On the housing front, June’s New Home and Existing Home Sales both disappointed as well. New printed -0.6% versus an expected increase of 3.4%, and existing came in at -5.4% versus an expected -3.2%, respectively. Low overall inventories and affordability concerns continued to negatively impact this sector.
On the inflation side, Core PCE, the FED’s preferred gauge came in slightly higher than expected, up 0.2% MoM, resulting in a flat YoY reading at 2.6%, versus the expected 2.5%. Along with anchored U. of Mich. 1yr Inflation Expectations at 2.9%, the window for a cutting cycle appears to be broadening.
Next Week’s Notes: Next week will be important on the data front as we receive the final releases for July alongside the beginning-of-the-month data, offering significant insights into the steel sector and the labor market, as well as featuring a FED interest rate decision.

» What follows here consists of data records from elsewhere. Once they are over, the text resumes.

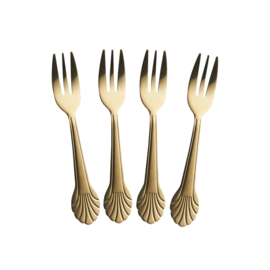 Rice Stainless Steel Seashell Cake Fork - Gold Coated - set van 4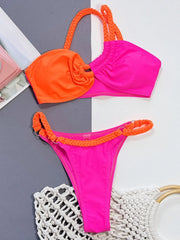 Splicing Asymmetric One Shoulder Bikini
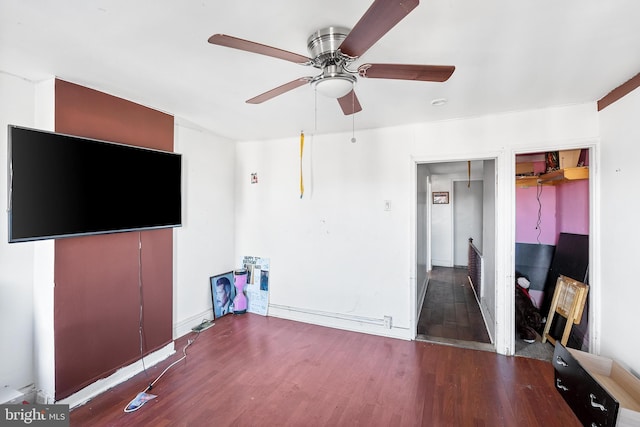 2348 N Mascher St, Philadelphia, PA 19133 - unfurnished living room featuring a ceiling fan and wood finished floors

Starting with the manufacturing sector, the final July FED Manufacturing Survey and the July PMIs will be released. The Dallas index has market expectations of rising to -14.2 from June’s -15.1. The ISM Manufacturing PMI is forecasted to improve slightly to 49 from June’s 48.5, and the final results of the S&P Global US Manufacturing PMI will be issued, with the preliminary reading at 49.5.
Additionally, June’s Construction Spending MoM is anticipated for a 0.2% increase, a rebound from May’s -0.1% decline, and we will also receive the final June data for Durable Goods Orders, which in initial results sharply disappointed. Furthermore, July’s Wards Total Vehicle Sales are projected to jump up to 16.20m, which would be a notable increase from June’s 15.29m sales.
In the upcoming week we are also set for housing sector data, with updates on prices and rates, as well as June Pending Home Sales.
The labor market will be under scrutiny with the release of fresh data. July’s Change in Manufacturing and Nonfarm Payrolls are expected, with Nonfarm Payrolls anticipated to decline to 175k from 206k. The Unemployment Rate is forecasted to hold steady at 4.1% in July. The additional data will include June’s JOLTS Job Openings, July’s Challenger Job Cuts, the weekly Initial and Continuing Jobless Claims, and updates on wages and labor costs.
Finally, the FOMC Rate Decision will be closely watched. The upper and lower bounds of the interest rate are anticipated to remain unchanged at 5.50% and 5.25%. The market is currently pricing in the first FED Funds cut in September, so the tone of the Chairman will be crucial for providing insights on monetary policy and economic conditions moving forward.